## What to produce
Having located the line with "Talco Jersey Lounge", print it and each remaining line exactly, stopping at the end of the material and omitting pictures.

/---

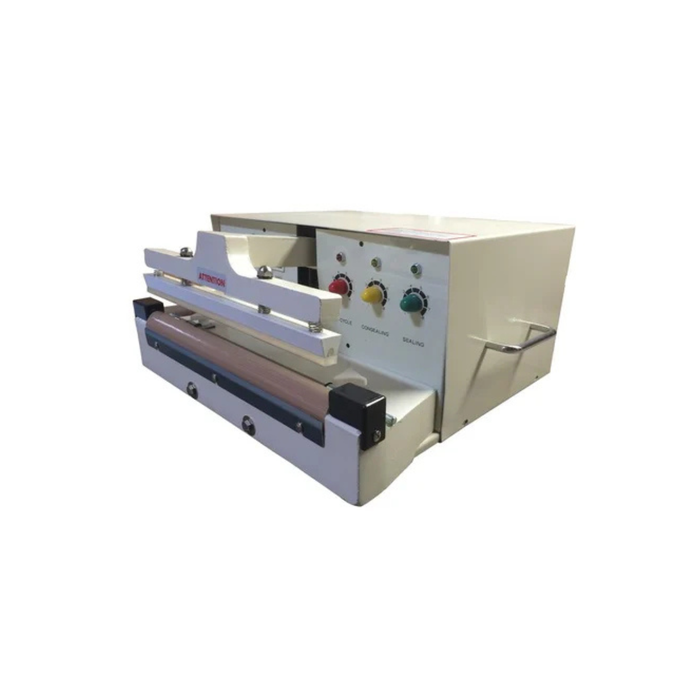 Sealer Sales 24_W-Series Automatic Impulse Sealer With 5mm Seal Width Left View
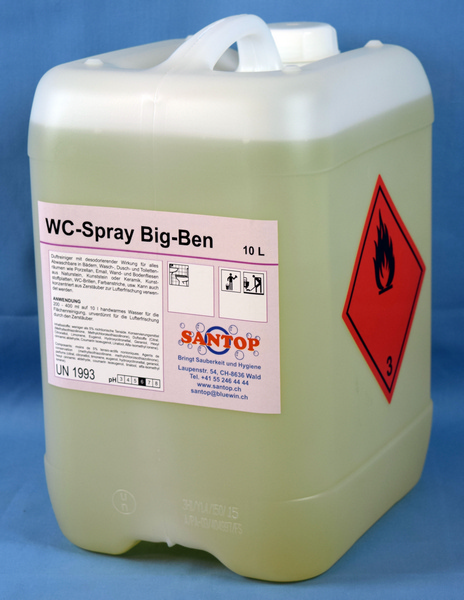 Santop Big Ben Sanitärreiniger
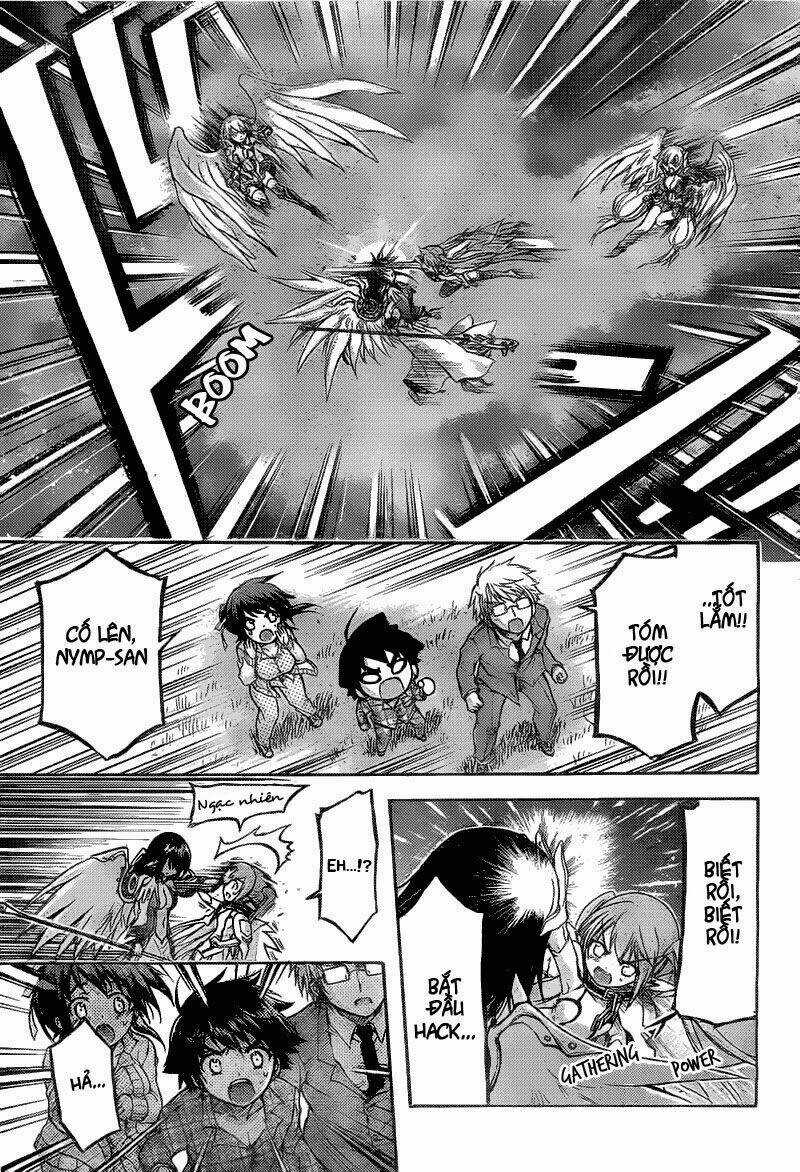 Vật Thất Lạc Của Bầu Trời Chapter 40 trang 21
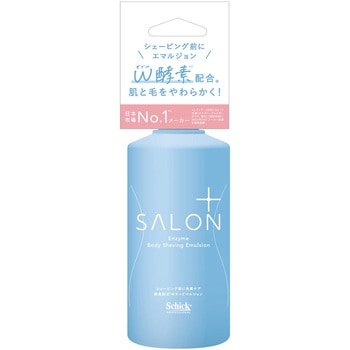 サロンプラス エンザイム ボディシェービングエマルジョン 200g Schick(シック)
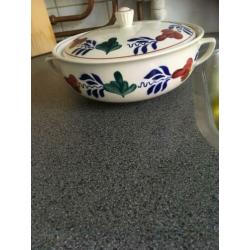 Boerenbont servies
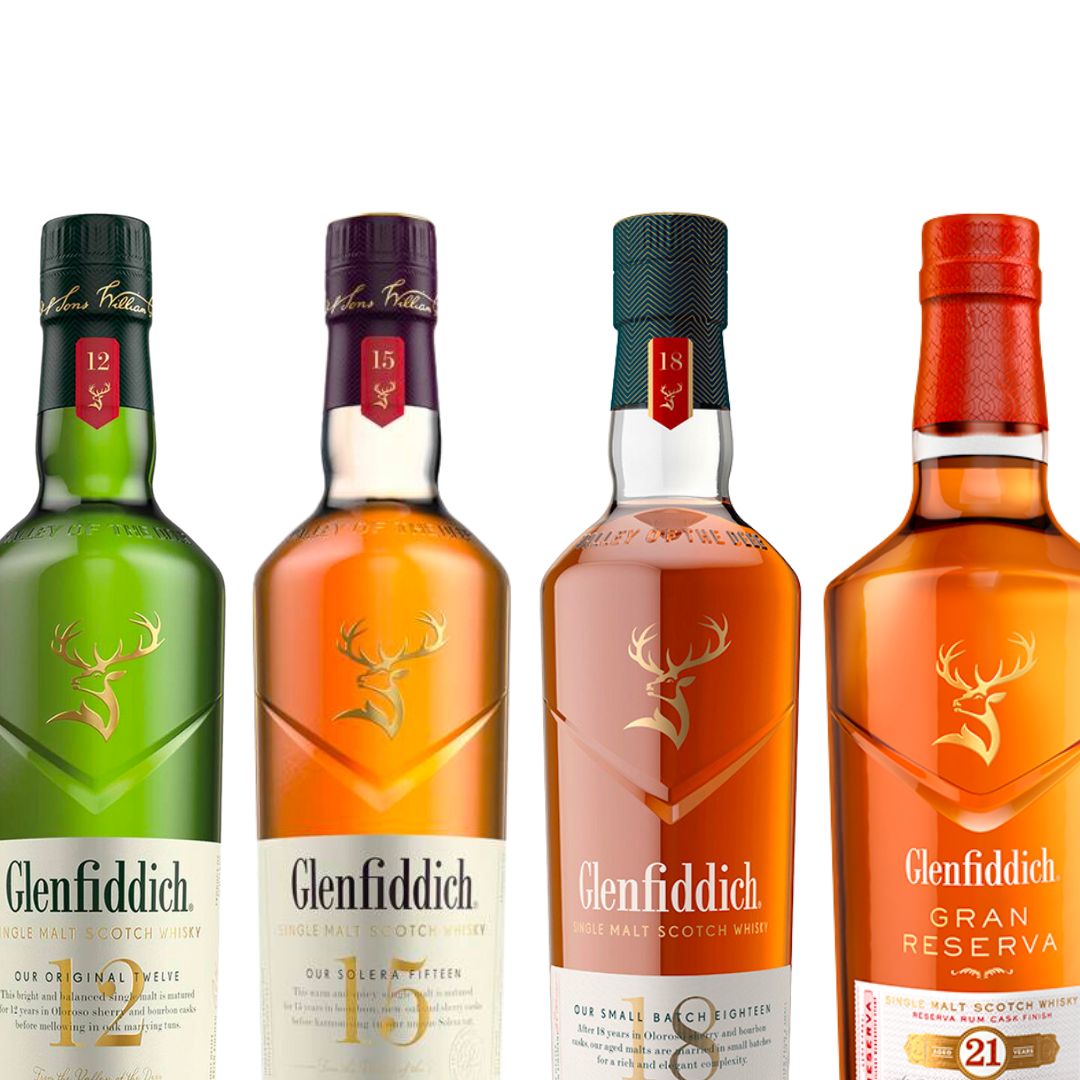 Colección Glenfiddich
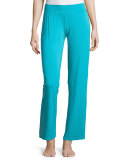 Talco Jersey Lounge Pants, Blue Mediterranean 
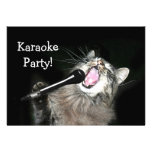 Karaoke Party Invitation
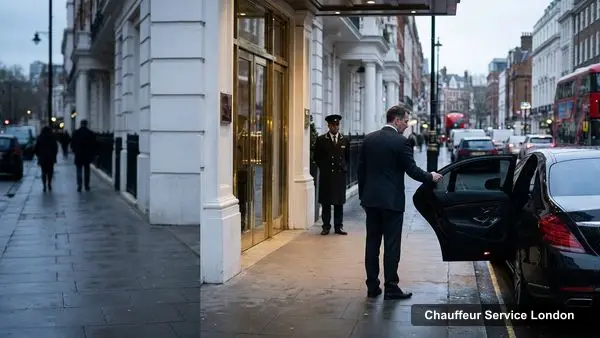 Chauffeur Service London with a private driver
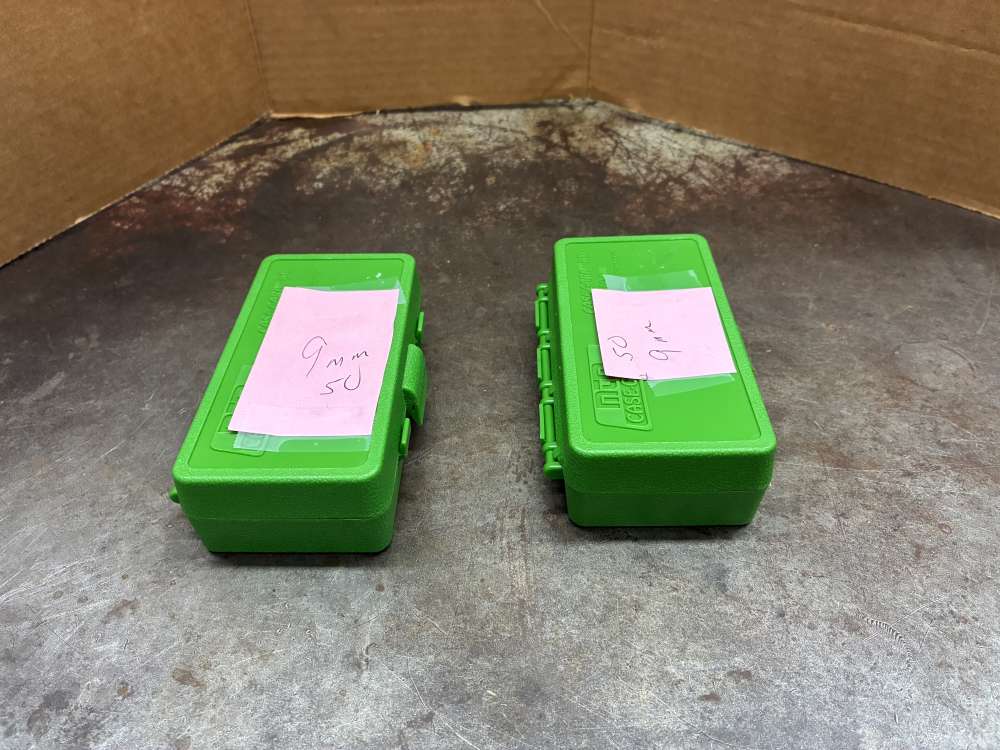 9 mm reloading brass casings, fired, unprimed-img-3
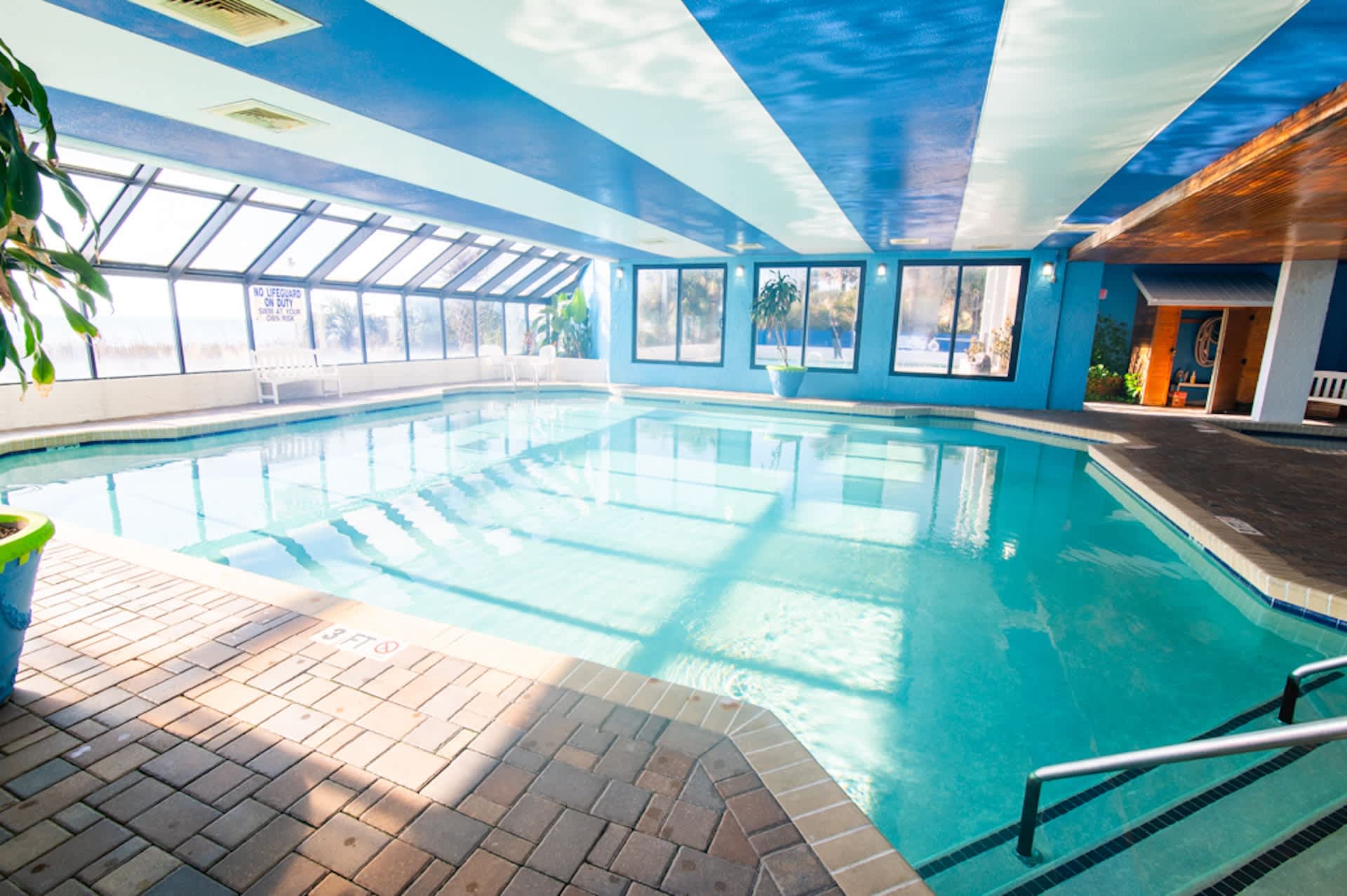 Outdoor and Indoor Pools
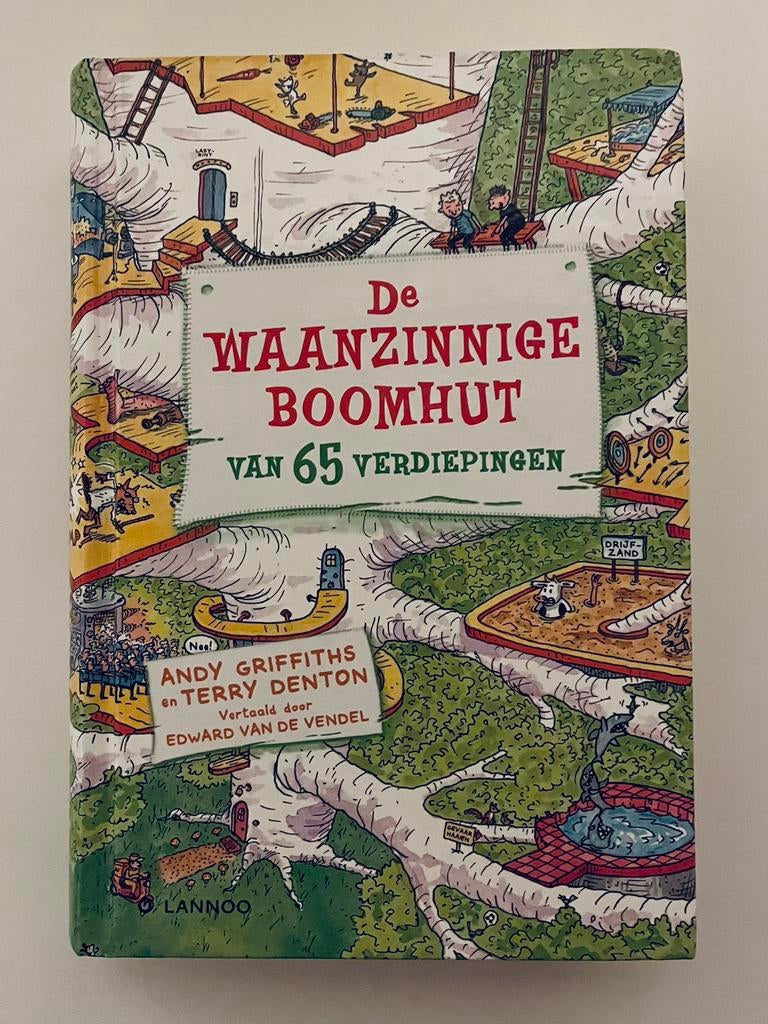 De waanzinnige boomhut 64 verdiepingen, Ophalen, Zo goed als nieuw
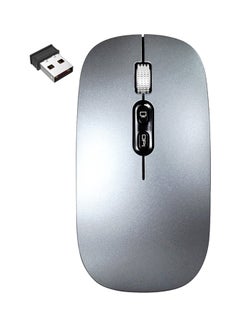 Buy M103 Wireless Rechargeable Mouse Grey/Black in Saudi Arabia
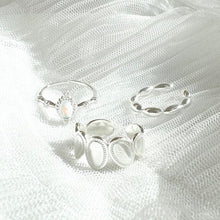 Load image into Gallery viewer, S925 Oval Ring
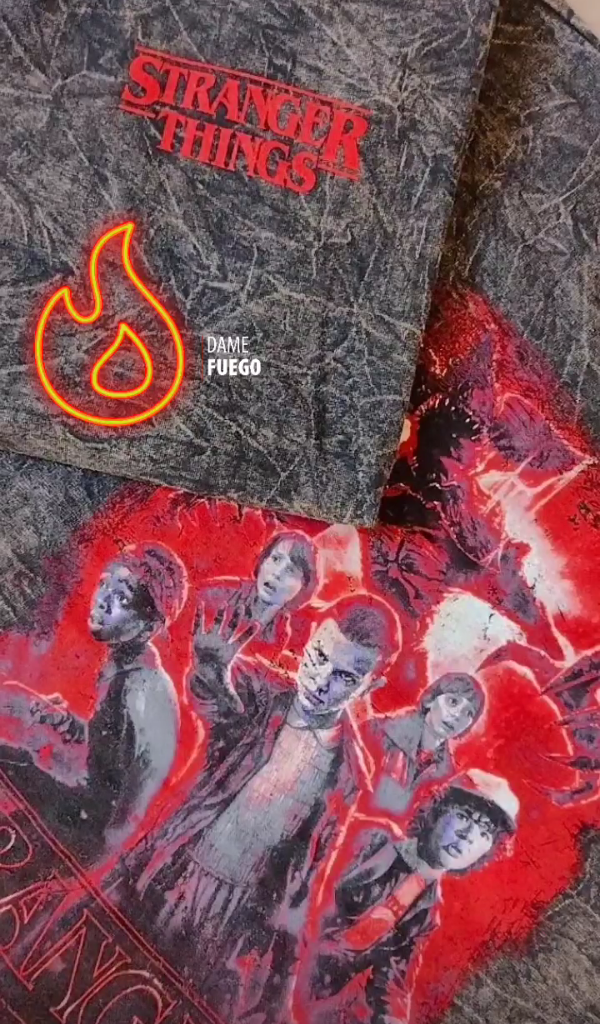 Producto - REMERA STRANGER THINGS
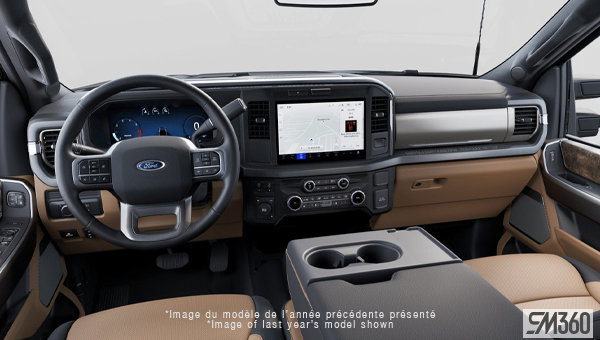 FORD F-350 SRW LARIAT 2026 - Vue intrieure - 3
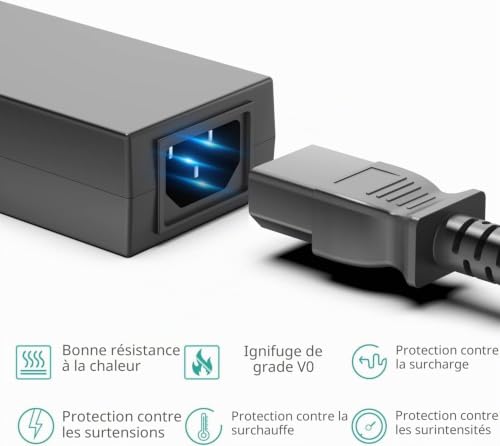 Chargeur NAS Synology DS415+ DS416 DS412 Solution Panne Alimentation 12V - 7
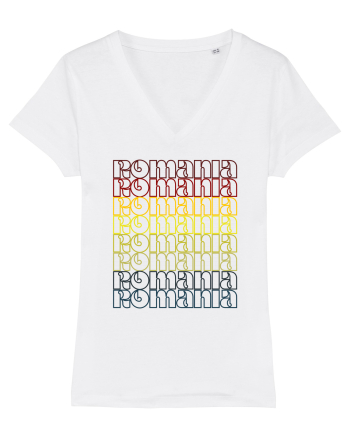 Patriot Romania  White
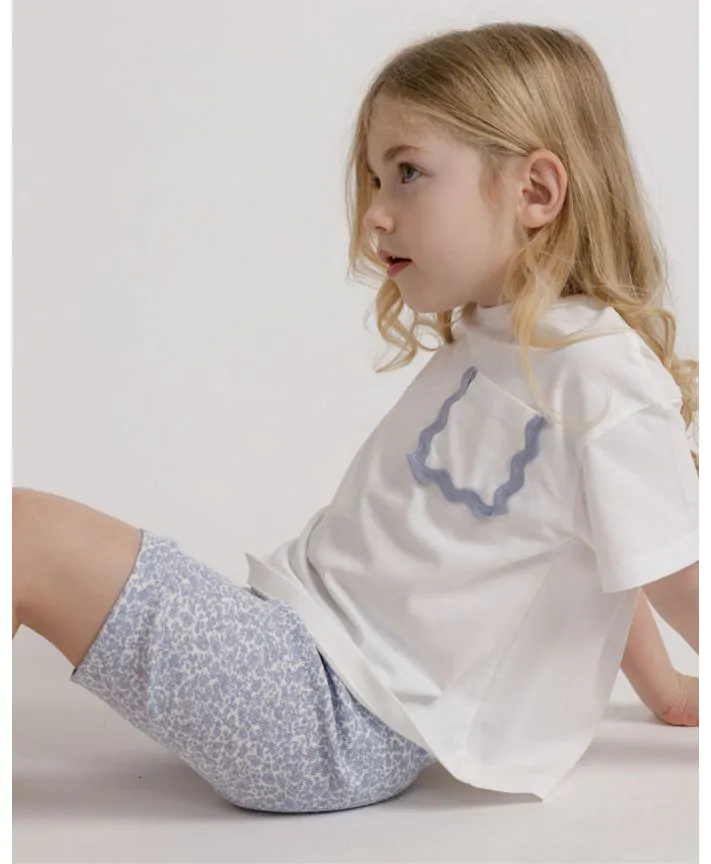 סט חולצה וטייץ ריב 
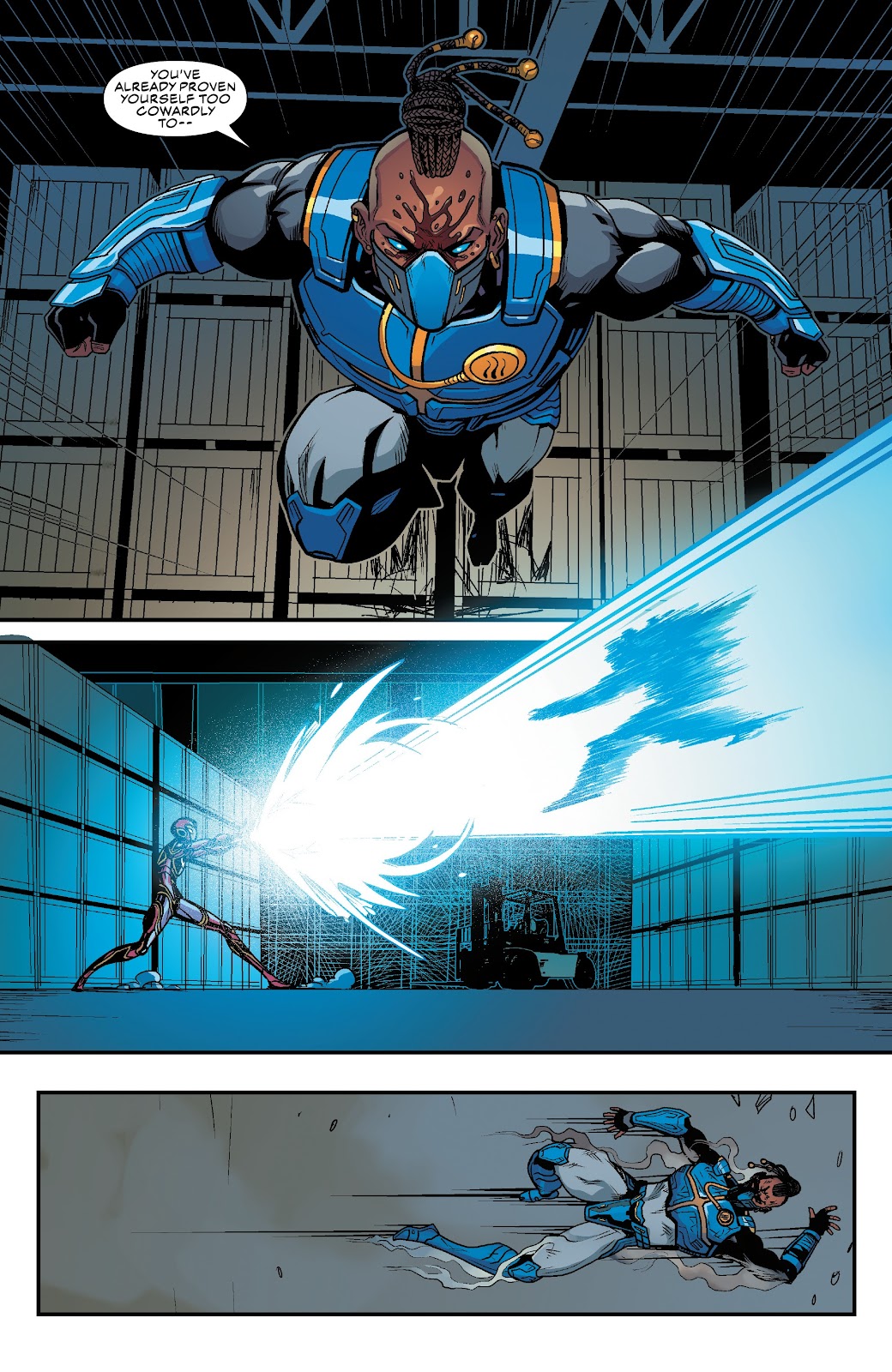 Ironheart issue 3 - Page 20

\---

## Final answer
 Talco Jersey Lounge Pants, Blue Mediterranean 
 Karaoke Party Invitation
 Chauffeur Service London with a private driver
 9 mm reloading brass casings, fired, unprimed-img-3
 Outdoor and Indoor Pools
 De waanzinnige boomhut 64 verdiepingen, Ophalen, Zo goed als nieuw
 Buy M103 Wireless Rechargeable Mouse Grey/Black in Saudi Arabia
 Load image into Gallery viewer, S925 Oval Ring
 Producto - REMERA STRANGER THINGS
 FORD F-350 SRW LARIAT 2026 - Vue intrieure - 3
 Chargeur NAS Synology DS415+ DS416 DS412 Solution Panne Alimentation 12V - 7
 Patriot Romania  White
 סט חולצה וטייץ ריב 
 Ironheart issue 3 - Page 20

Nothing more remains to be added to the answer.